Report: PLA's A-team spies on the internet - Wendell Minnick

Wendell Minnick
A new report from the US details the efforts of the People's Liberation Army (PLA) to spy online, writes defense specialist Wendell Minnick in Defense News. The Chinese army might be addressing unauthorized cyber attacks, but the focus is still unclear.

Wendell Minnick:
The report, "The Chinese People's Liberation Army Signal Intelligence and Cyber Reconnaissance Infrastructure," by Mark Stokes and Jenny Lin of the Project 2049 Institute, Arlington, Va., provides the first overview of the PLA General Staff Department's Third Department, China's premier cryptologic service responsible for signals and cyber intelligence collection. 
The Third Department is comparable to the U.S. National Security Agency and appears to be diversifying its traditional SIGINT mission to include cyber surveillance, also known as computer network exploitation (CNE), the report said. 
The Third Department's Seventh Bureau (61580 Unit) is responsible for CNE. Headquartered in Beijing, the bureau's engineers specialize in computer network defense and attack, and have conducted joint studies with the PLA Information Engineering Academy Computer Network Attack and Defense Section. The bureau has been known to conduct research outlining U.S. network-centric warfare and dense wavelength-division multiplexing. 

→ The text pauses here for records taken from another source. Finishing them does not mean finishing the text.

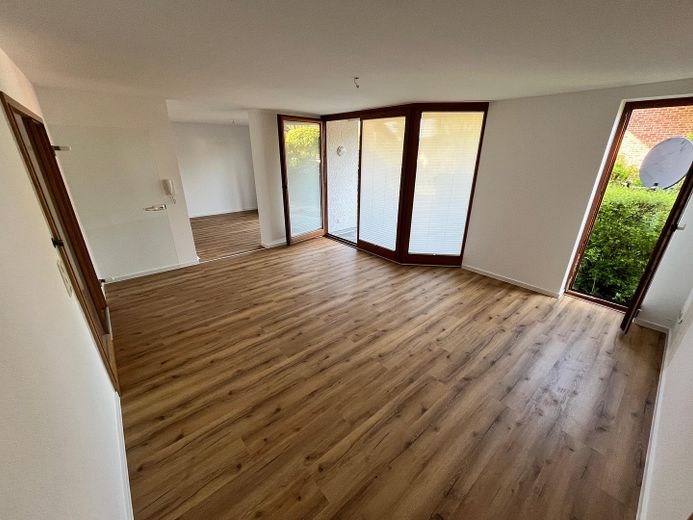 Wohnzimmer Blick ins Esszimmer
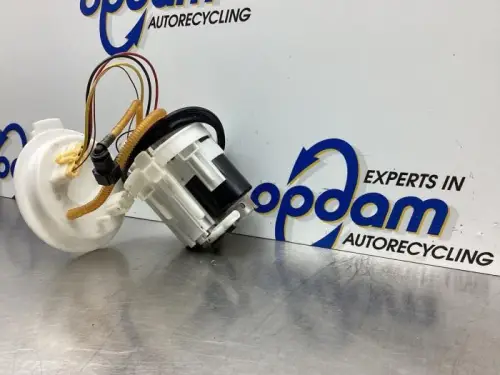 Benzinepomp-7745048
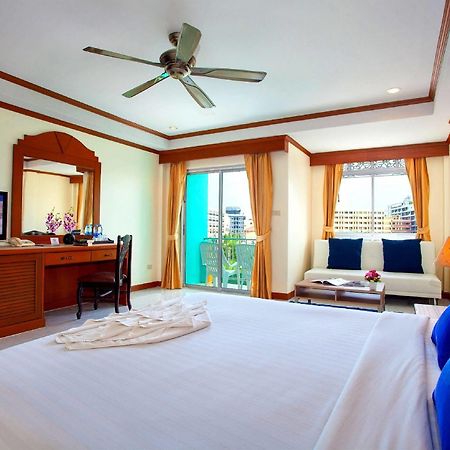 The Yim Siam Hotel Patong Esterno foto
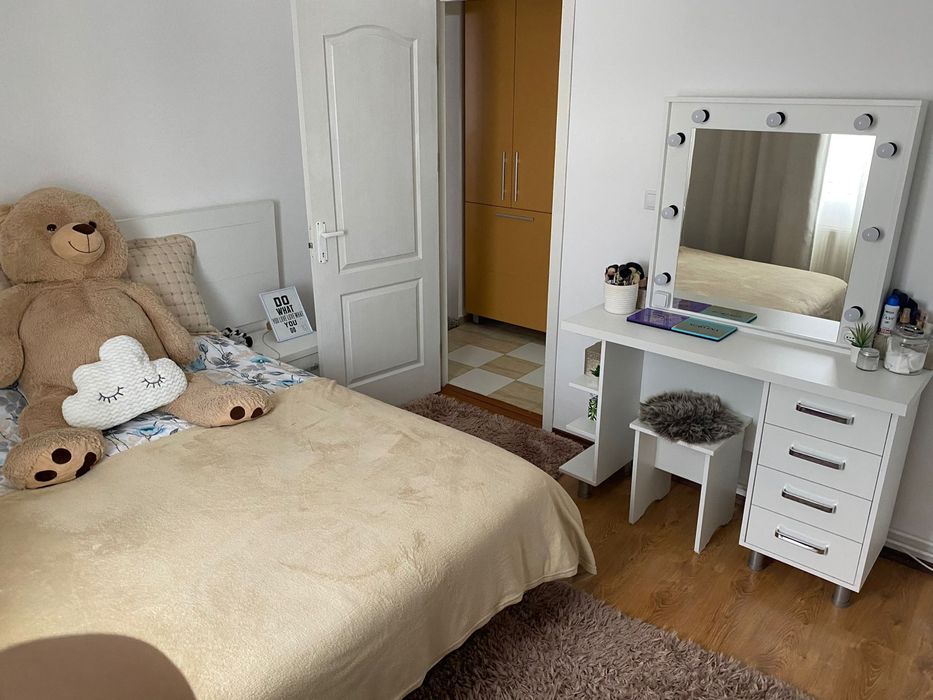 Inchiriez Apartament cu 2 camere Semidecomandat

CNE also is conducted by the Technical Reconnaissance Bureaus (TRB), Stokes said: "A senior engineer from the Hainan office was granted awards for network-related work, including possible surveillance of Voice over Internet Protocol."... 
China could be cracking down on its own cyber warfare activities. Lt. Gen. Wu Guohua, who directed the Third Department from 2005 to 2010, allegedly was transferred out due to unauthorized cyber attacks. 
"If true, it appears that senior civilian leaders could have some understanding of the political damage caused by overt, hostile network penetration," Stokes said. 
Another possible reason for the dismissal could be that the Third Department overstepped its area of responsibility. 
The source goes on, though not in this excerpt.